> Data block

[Start of section]

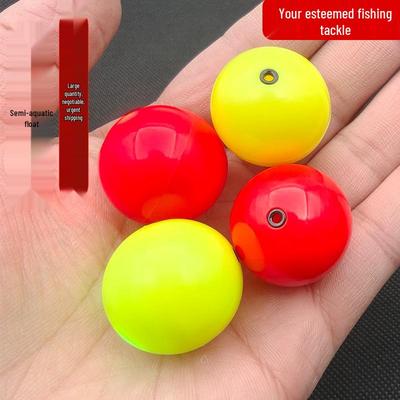 Galleggiante da Pesca ad Anello Ceramico con Contrappeso Integrato per Carassio - Nylon, Semi-Acqua, Sfera Galleggiante ad Anello di Rame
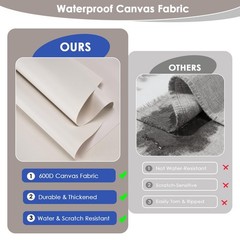Waterproof Canvas Fabric by The Yard 60″ W 600 Denier PVC Backing Water Repel…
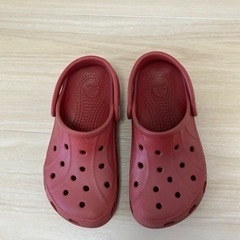 ★クロックス サンダル★17.5-18㎝★C10C11★中古の画像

[End of section]

> What this task involves
Give back the material above exactly, but without its images.

> Reply to the exercise
 Galleggiante da Pesca ad Anello Ceramico con Contrappeso Integrato per Carassio - Nylon, Semi-Acqua, Sfera Galleggiante ad Anello di Rame
Waterproof Canvas Fabric by The Yard 60″ W 600 Denier PVC Backing Water Repel…
 ★クロックス サンダル★17.5-18㎝★C10C11★中古の画像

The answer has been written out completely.